The Blue Check crisis has expedited the exit of advertisers concerned about Musk’s plans for content moderation, including Volkswagen, General Motors and United Airlines, from the platform. Debt investors and credit raters are also showing little confidence.
Twitter eventually added an ‘official’ label to some accounts to combat impersonation, only to be ditched within hours after Musk had a change of mind.
The mushrooming of fake accounts led to a very upset Musk announcing that the impersonators’ accounts will be permanently suspended without warning if they are not clearly labelled as parody.
The self-proclaimed free speech absolutist, who announced that “comedy is now legal on Twitter” shortly after his takeover, surely couldn’t take a joke or accept criticism as he shut down comedian Kathy Griffin’s account for impersonating him. Other celebrities too followed suit to highlight the dangers in his flawed plan.
The launch of the paid plan was reportedly postponed to after the US midterm elections due to its potential to spread misinformation and impersonation of politicians and high profile personalities, as it proved later.
Meanwhile, Musk unabashedly pushed his politics on Twitter on Election Day by asking his 115 million followers to vote Republican. When such an influential executive exerts his political sway ahead of election, it raises questions about how Twitter will counter misinformation about voting and election results.
A report published by researchers at the Fletcher School at Tufts University said that “more extremists have tested Twitter’s boundaries” leading to a “decay in the quality of conversation” on the platform after Musk took over.

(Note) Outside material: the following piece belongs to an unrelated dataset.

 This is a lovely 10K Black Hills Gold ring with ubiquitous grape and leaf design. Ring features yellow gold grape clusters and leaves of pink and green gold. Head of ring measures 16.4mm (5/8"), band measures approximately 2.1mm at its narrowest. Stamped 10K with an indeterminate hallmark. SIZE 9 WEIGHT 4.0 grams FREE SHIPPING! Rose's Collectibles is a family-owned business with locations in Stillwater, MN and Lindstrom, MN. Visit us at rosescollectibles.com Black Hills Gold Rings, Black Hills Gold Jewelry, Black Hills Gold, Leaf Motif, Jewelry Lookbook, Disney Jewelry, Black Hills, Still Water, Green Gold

Your ‘behaviour’ has violated company policy
It seems like the unofficial chief of sh**posting is unable to handle it when his employees do the same. Many workers who criticised Musk either on the company’s internal work channel – Slack – or on Twitter, were reportedly fired by email with no proper reason provided. As per reports, 4,000-5,000 contractual workers were further fired sans any official intimation, with some even getting to know about it through people’s tweets.
Sasha Solomon, a software engineer, tweeted that she was fired for quoting Musk’s comment and saying he doesn’t know “what the f*** [our infrastructure] does,” adding “kiss my a** elon.”
Musk himself wrote, “He’s fired,” in a now-deleted tweet, when Android developer Eric Frohnhoefer, called Musk “wrong” for the cause of the alleged slow loading times. Eric was subsequently fired without any formal communications. London engineer Nick Robinson was also laid off after tweeting Musk was “embarrassing” himself for turning off Twitter microservices.
Many who were accused of “violating company policy” were not sure of what exactly led to their layoff, but expressed ‘salute emoji’ solidarity on Twitter with others facing the same situation.
Whew, a tumultuous two-week reign of Musk saw Twitter staff being halved and fake accounts flourishing. And yes, in case you were wondering, Twitter had a ‘near-death’ experience in the next two weeks. Read on:
In his first address to Twitter employees since the takeover, he reportedly said that bankruptcy was a possibility if the company didn’t start generating more cash and issued orders for 80-hour weeks, to mail weekly work updates to him, less perks like free food and end of remote work.
Musk’s order for a complete freeze on Twitter’s code base and cutting down the engineering team by 80% sparked concerns about the ability to keep the site up and running and warnings of an imminent outage, urging users to download their data from the platform.
Before you thought it couldn’t get any worse, Musk issued a ‘hardcore’ ultimatum to the remaining employees to commit to his ‘maniacal’ work culture, which includes extra hours, or exit with three months severance pay. As the deadline to respond to the ultimatum approached on November 17, less than half of the company’s remaining staff signed up for Twitter 2.0, raising questions about how the company will continue regular operations and forcing top management to desperately convince some to stay on.
Twitter offices were abruptly shut till Nov 21 to “prevent sabotage” by exiting workers. The employee exodus led to the trending of hashtags #RipTwitter and #GoodbyeTwitter as Twitter’s end seemed to be nearing. He reportedly also asked those “who actually write software” to fly to the San Francisco headquarters to help him “understand Twitter tech stack” and possibly help ease the present crisis at hand. Musk also added fuel to fire by sharing an emoji of a pirate flag featuring a skull and a meme showing Twitter being buried.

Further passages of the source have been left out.